When Death is What Comes Next ...

Bea is awake for most of the day, so I spend a good bit of time by her bedside. Sometimes she makes sense. Sometimes she doesn’t. The problem is recognizing what is fantasy and what isn’t.

Nurse Jane has decided I need a health aide seven days a week while Sven is abroad, so Hospice & Palliative Care of Cape Cod sends Florence to help Bea with lunch. I take advantage of her presence and run to the dump. When I return, they are chatting away, happy as can be. My mother loves new people.

Bea takes a nap in the afternoon. I check on her from time to time and rotate her body every few hours.
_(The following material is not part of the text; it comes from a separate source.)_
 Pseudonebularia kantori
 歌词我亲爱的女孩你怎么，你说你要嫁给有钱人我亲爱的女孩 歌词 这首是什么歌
Suddenly, out of the blue, she says, “They never returned them to me.”

“What?” I ask. “Who never returned what?”

“The two art objects that were on the table.

“Which table? Where?”

“One I found on an island in the eastern Mediterranean. It was a repetition of that flower motif I liked. I’m sorry now that I gave it to them. As a matter of fact, they didn’t ask. They just took it. Did you give them anything?”

I listen carefully. I presume Bea is recounting a dream but am not sure. Everything she has said sounds plausible. “Why should I have given them anything?”
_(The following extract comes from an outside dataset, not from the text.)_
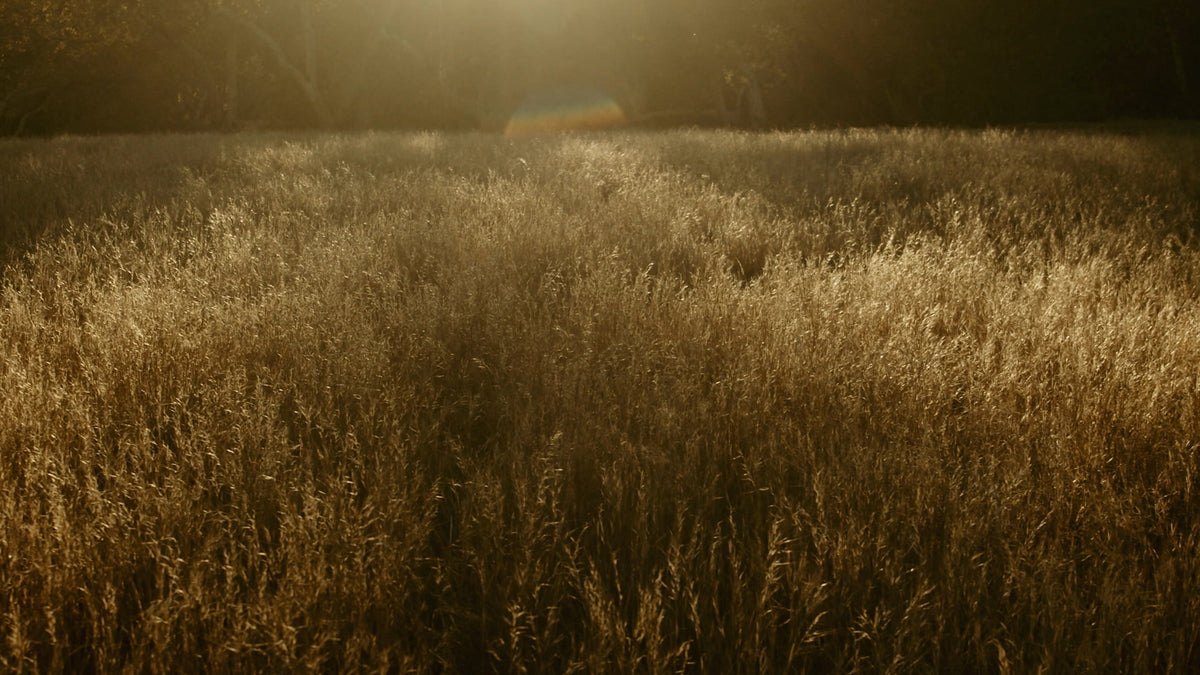 Autumn Meadow Still 12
“To celebrate the end of the season. There was a party.”


“Oh, very close to college headquarters.”

“Which college?”

“That college the kids went to.”

“Which kids?”

“Betsy and Nick.”

Ah! Now I know we have been in Dreamland again. How nice to be able to travel while bedridden!

Bea then bemoans the fact that there is no television in her room. I tell her about the wild turkey in our garden. She wants to hear news of Sven.

For dinner, Bea requests steak and eats it. Then, after ice cream, she asks, “Is your mother dead?”

“Who do you think I am?” I respond, disconcerted.

Bea pauses to think this over and says slowly, “You’re my daughter. So, your mother isn’t dead. She doesn’t want to die. She may just be in a situation where she has to die.”

Her words pretty much sum it up…


Blogger Elaine Frankonis said...

My mother is only 90, but her dementia seems worse than your mother's. She often thinks I'm HER mother, or her cousin. She forgets my name, forgets who my brother is, thinks everything she sees on television is real. She is uneducated and has never had hobbies or interests. She never read books. If she were more like your mother, maybe we would have/have had a better relationship. I've been doing this for six years now; my mother is relatively mobile, although she has a great deal of pain from the small fractures that go along with osteoporosis. I'm becoming a daily reader of your blog. I wish my experience were more like yours.